Tuttavia, se è evidente – prosegue la suprema Corte – che, secondo gli articoli 25 e seguenti, Tuir, i redditi fondiari (dominicali, agrari e di fabbricati) sono parametrati a tariffe d’estimo (come previsto dagli articoli 28, 34 e 37, Tuir), è altrettanto innegabile che, per quanto concerne i redditi di fabbricati, sia l’articolo 26 che l’articolo 37 introducono, all’interno del testo, la variabile del reddito locatizio senza alcuna modificazione del criterio d’imputazione, che resta quella della titolarità del diritto reale (cfr. anche Cassazione, 19166/2003, 20764/2006, 15171/2009, 651/2012 e, da ultimo, 19240/2016 e 26447/2017).
Quanto precede, a parere dei giudici di legittimità, rende sistematicamente impossibile estrapolare il reddito locatizio dal reddito fondiario e dalla sua disciplina, con conseguente legittimità del prelievo impositivo.
Nel motivare la vertenza in questione, la Corte di cassazione scrutina i deliberati del Giudice delle leggi, chiamati in causa dal contribuente, che riteneva il prelievo erariale dissonante rispetto ai fondamentali principi costituzionali tributari.
In argomento, ricorda il supremo Collegio, la Corte costituzionale stessa ha avuto modo di stabilire che l’applicazione, al caso di specie, dell’articolo 26, non ne implica un’interpretazione costituzionalmente illegittima, in quanto, “la capacità contributiva, quale idoneità all’obbligazione di imposta, desumibile dal presupposto economico al quale l’imposta è collegata, può essere ricavata, in linea di principio, da qualsiasi indice rivelatore di ricchezza, secondo valutazioni riservate al legislatore, salvo il controllo di costituzionalità” (cfr.

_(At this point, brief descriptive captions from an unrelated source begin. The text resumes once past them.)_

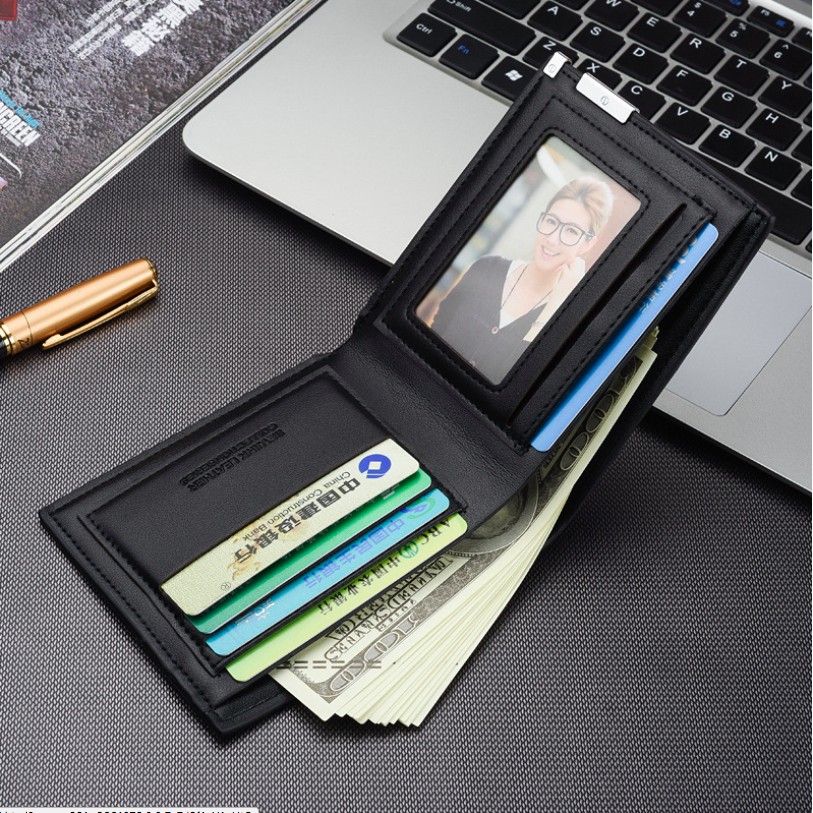 D622 Dompet Pria Lipat Dompet Kulit Men Fashion Letter Wallet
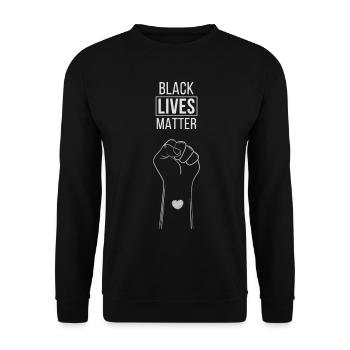 Poing avec soutien cardiaque BLM - Sweat-shirt Unisexe - noir - Devant - Alina (178cm) & Michal (187cm)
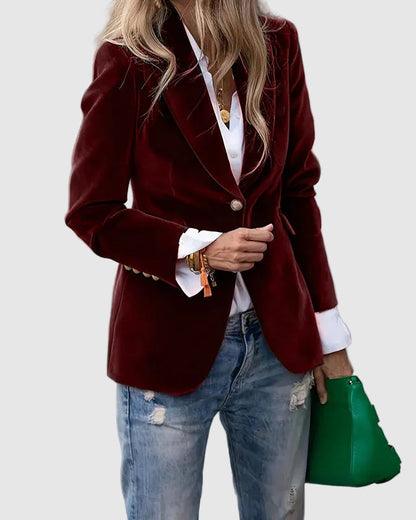 Blazer velours femme cintré col cranté, bouton unique, manches longues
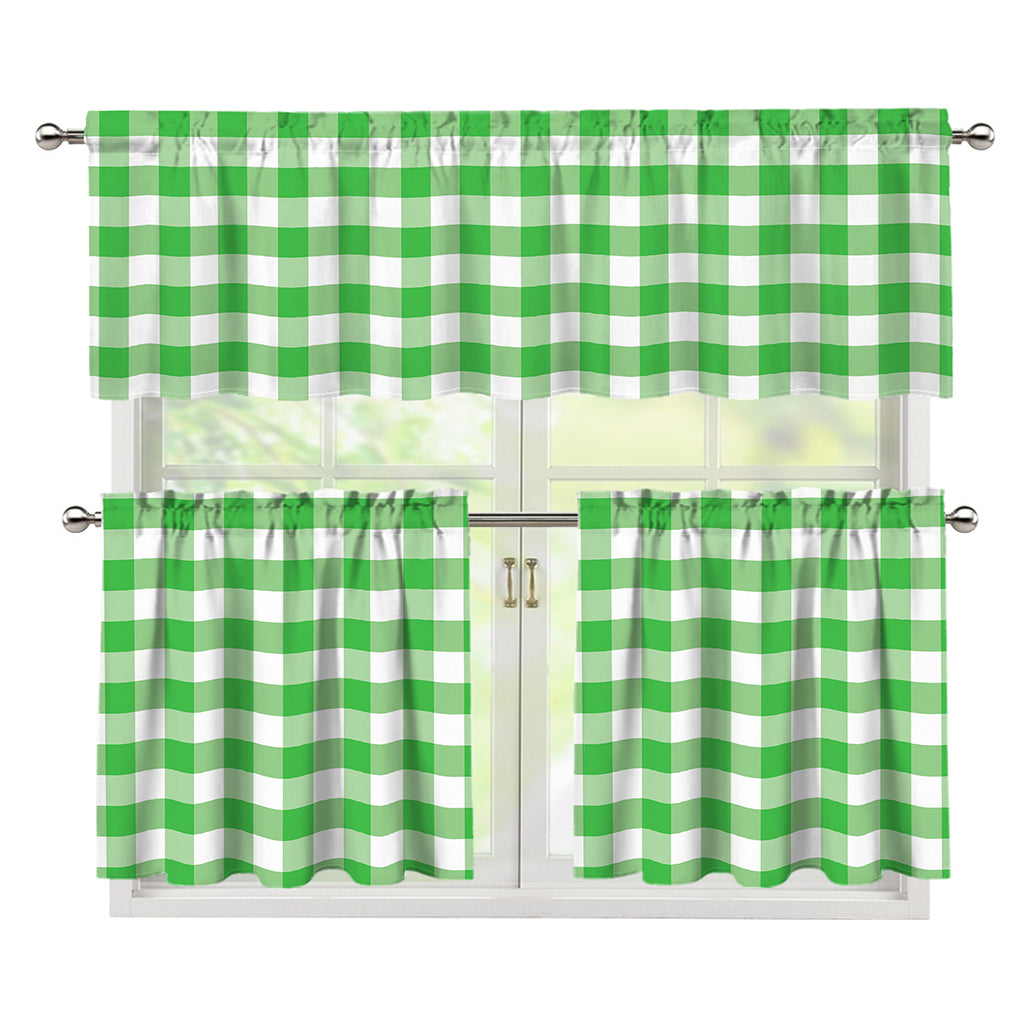 Green And White Gingham Pattern Print 3 Piece Kitchen Curtains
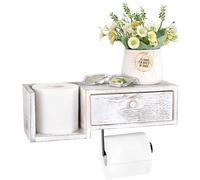 Soporte de papel higiénico de pared Unyqoos® con estante y cajón, fabricado en madera maciza de pino, estructura de acero cepillado, color blanco, dimensiones: 37 x 17 x 14 cm
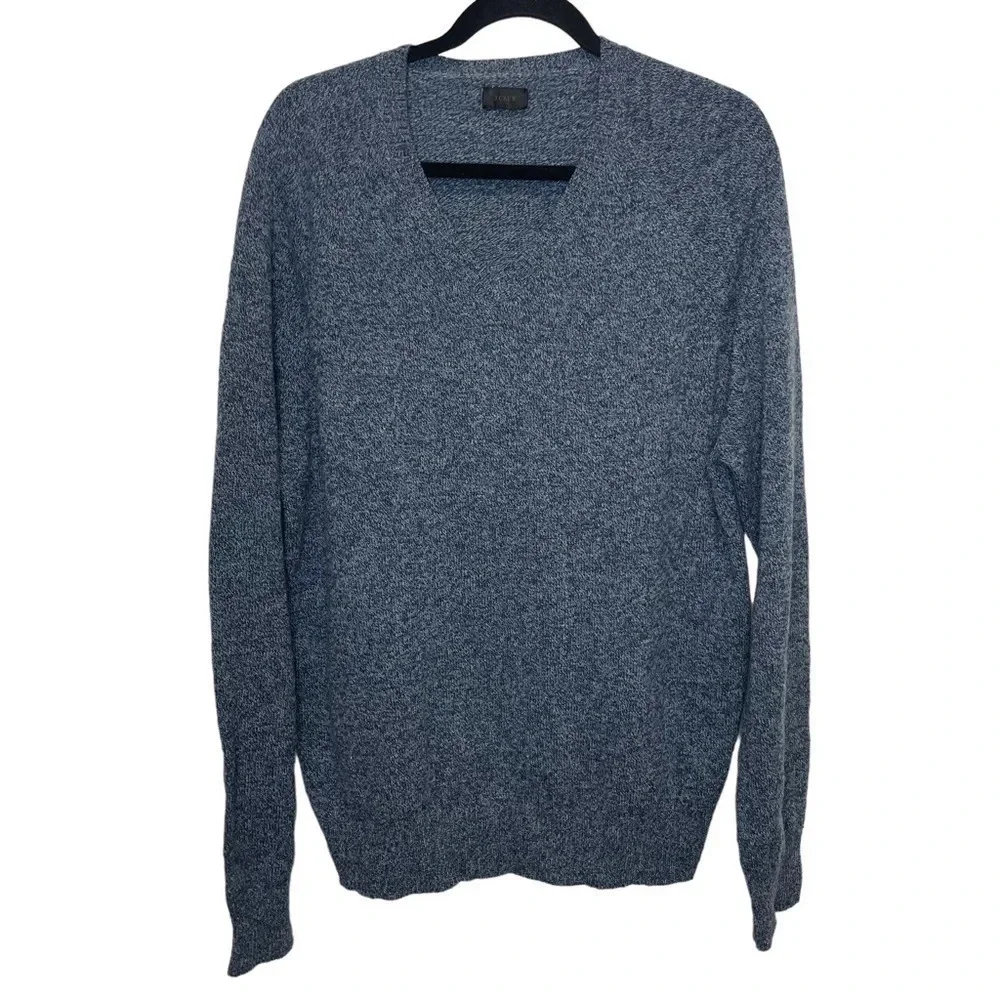 J Crew lambswool mens v-neck sweater blue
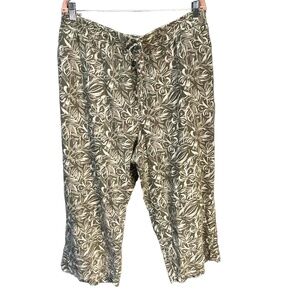 Briggs Unisex Floral Pattern Gathered Waist Casual Capri Pants Size 22W NWT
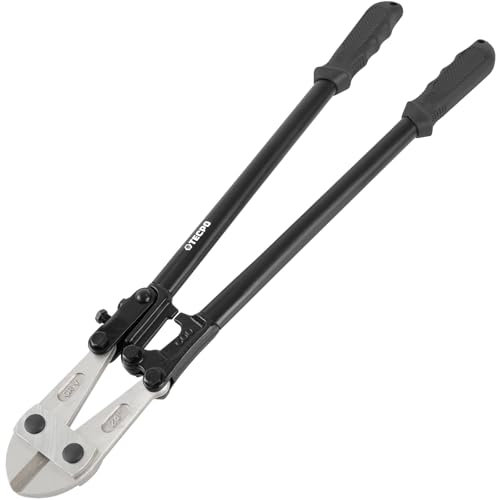 TECPO Bolzenschneider 600 mm 24 groß CR-V aus gehärteten Backen Bolt Cutter Bolzenschere Seitenschneider Drahtschneider gehärtet rutschfester ergonomischer Gummigriff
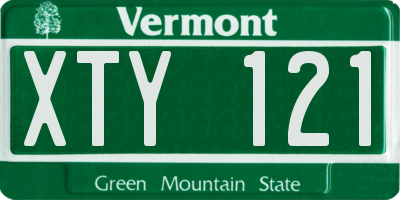 VT license plate XTY121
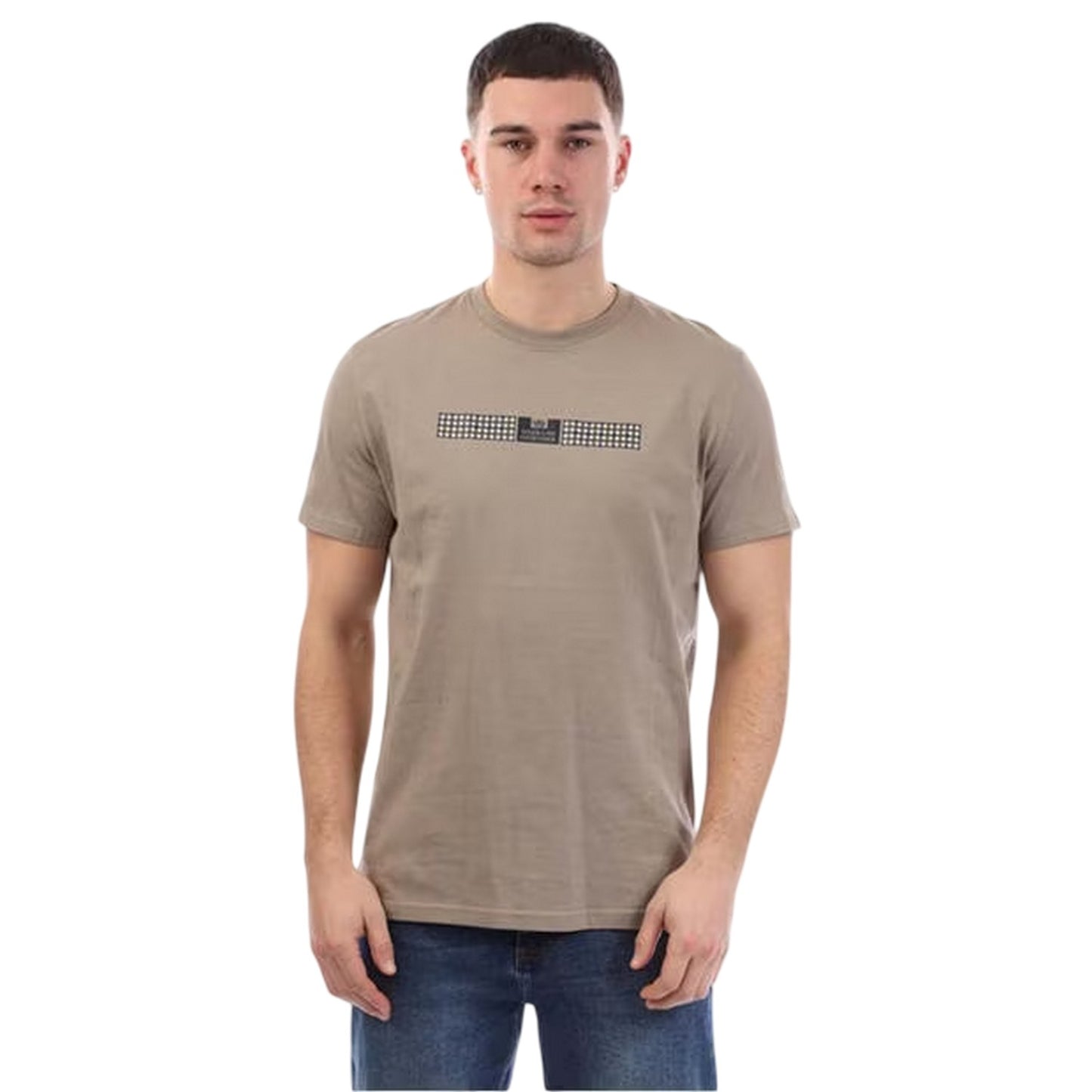 Stone - Front - Weekend Offender Mens Shareck Checked Regular T-Shirt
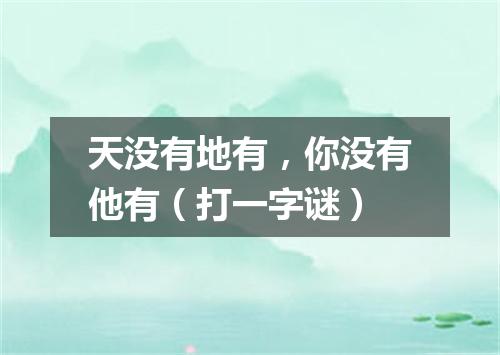 天没有地有，你没有他有（打一字谜）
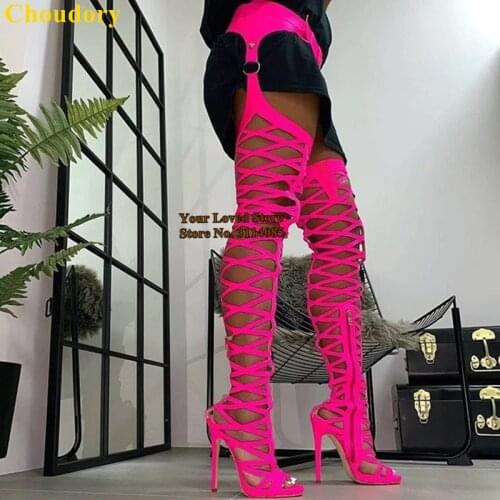 Choudory Luxury Over Knee Belt Long Boots Stiletto Heels Cross Strappy Caged Thigh High Boots Long Summer Sandal Shoes Size47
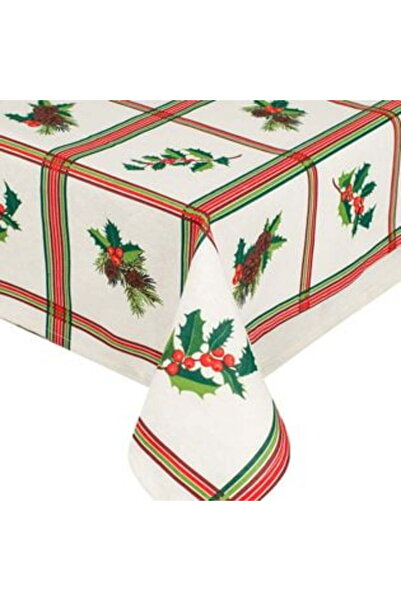 SHOPIENS Decorative Christmas Tablecloth - Ecru with Large Checks and Mistletoe 180 x 140 cm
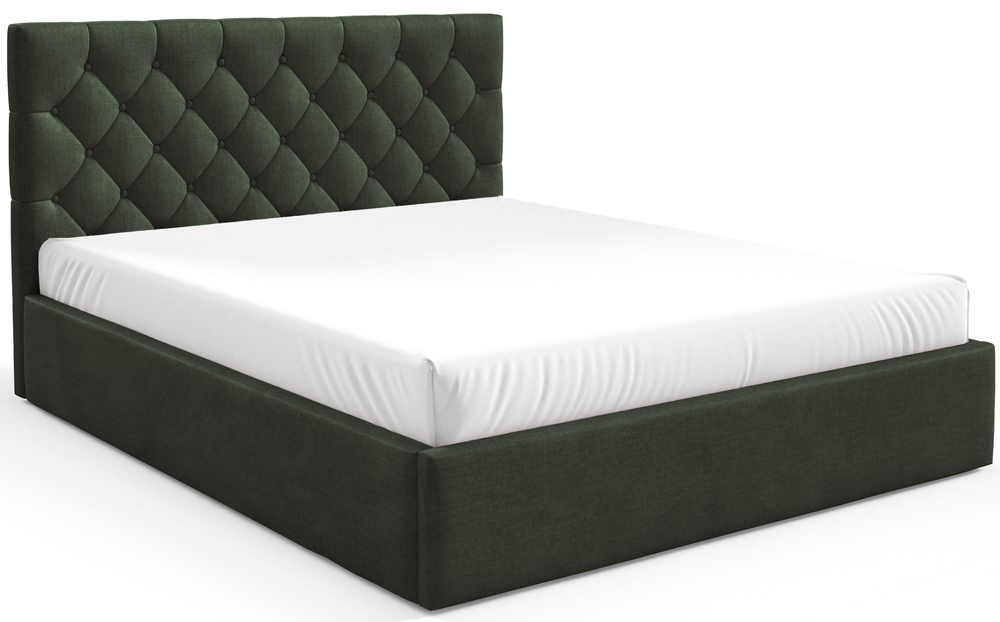 SELSEY Łóżko tapicerowane 140x200 cm Aurevia z pojemnikiem ciemnozielone welur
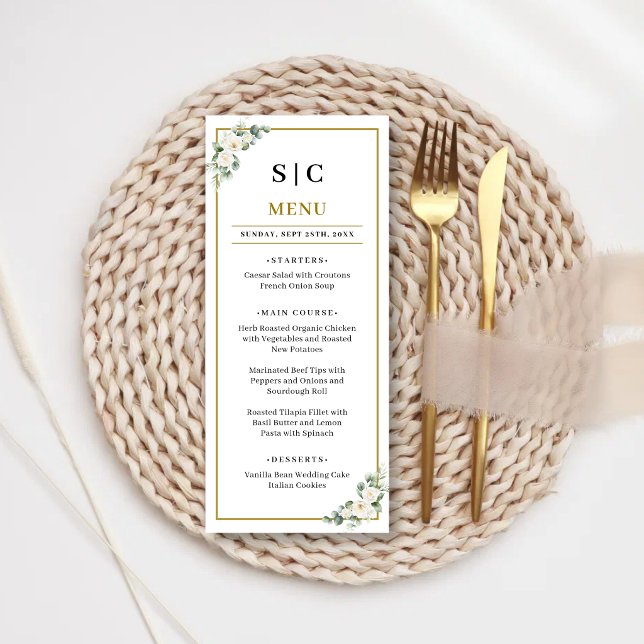 Eucalyptus White Rose Greenery Floral Wedding Menu (Eucalyptus white rose wedding menu elevates your reception with timeless botanical elegance.)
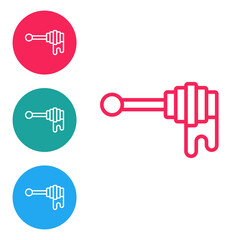 Red line Honey dipper stick with dripping honey icon isolated on white background. Honey ladle. Set icons in circle buttons. Vector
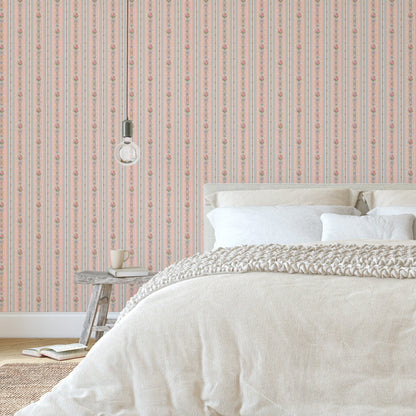 Sabrina Rose Floral Ribbon Stripe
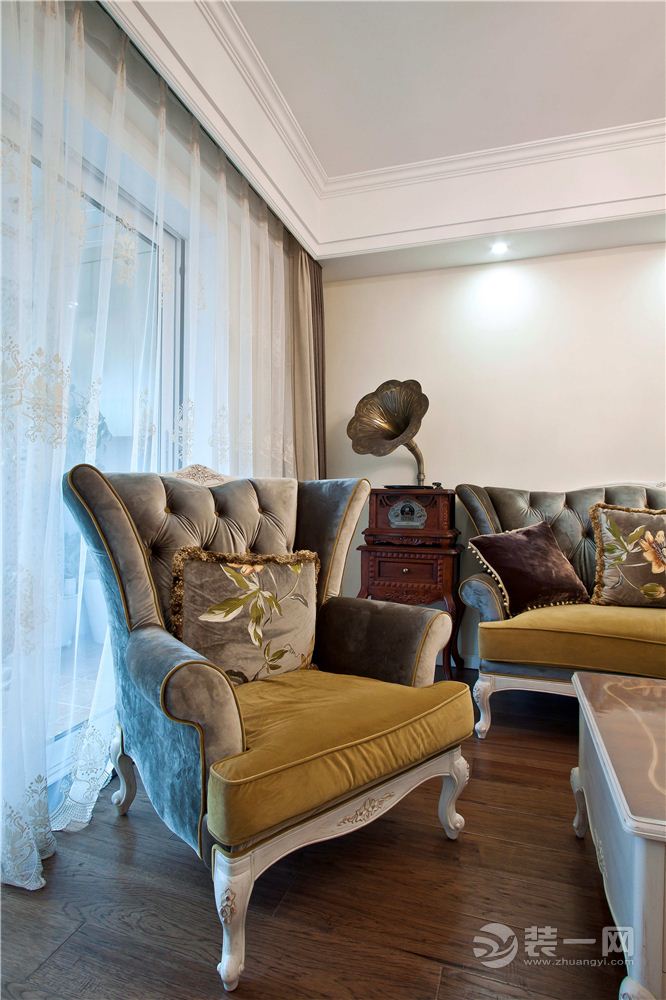 武汉百瑞景200平大户型 简欧风格客厅沙发效果图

Corte costituzionale, 362/2000, 42/1992, 315/1994 e 143/1995).
Secondo il giudice costituzionale, in definitiva, il sistema del riferimento per la determinazione del reddito dei fabbricati al canone risultante dal contratto di locazione – come sopra sottolineato – è del tutto eccezionale e deve armonizzarsi nel contesto di un sistema che pone la regola per cui i redditi fondiari concorrono a formare il reddito complessivo indipendentemente dalla percezione.
Sicché esso potrà operare nel tempo solo fin quando risulterà in vita un contratto di locazione e, quindi, sarà dovuto un canone in senso tecnico.
Quando, infine, la locazione sia cessata per scadenza del termine (articolo 1596 cc) e il locatore pretenda la restituzione essendo in mora il locatario per il relativo obbligo, ovvero quando si sia verificata una qualsiasi causa di risoluzione del contratto, ivi comprese quelle di inadempimento in presenza di clausola risolutiva espressa e di dichiarazione di avvalersi della clausola (articolo 1456 cc) o di risoluzione a seguito di diffida ad adempiere (articolo 1454 cc), tale riferimento al reddito locativo non risulta più praticabile, tornando, invece, in vigore la regola generale.